*EXERCISE INSTRUCTIONS*. Go through the data below and transcribe it exactly. Omit the images.

*COLLECTED DATA*.
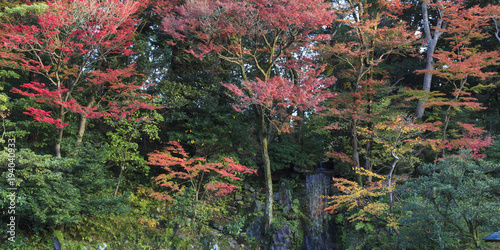 colored maple trees, momijis, in autumn , at Kenroku en garden in Kanazawa  Japan photo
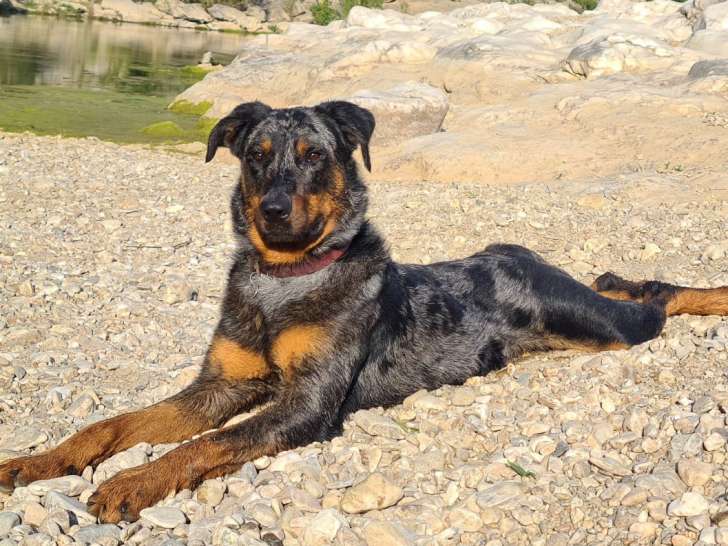 Mâle Beauceron arlequin de 3 ans disponible à la saillie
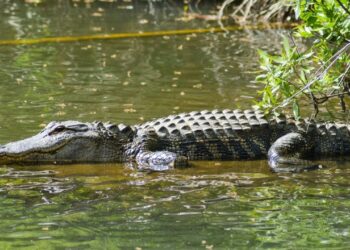 Crocodilo fêmea inovou no mundo e engravidou sozinha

*ANSWER SPACE*.
 colored maple trees, momijis, in autumn , at Kenroku en garden in Kanazawa  Japan photo
 Mâle Beauceron arlequin de 3 ans disponible à la saillie
 Crocodilo fêmea inovou no mundo e engravidou sozinha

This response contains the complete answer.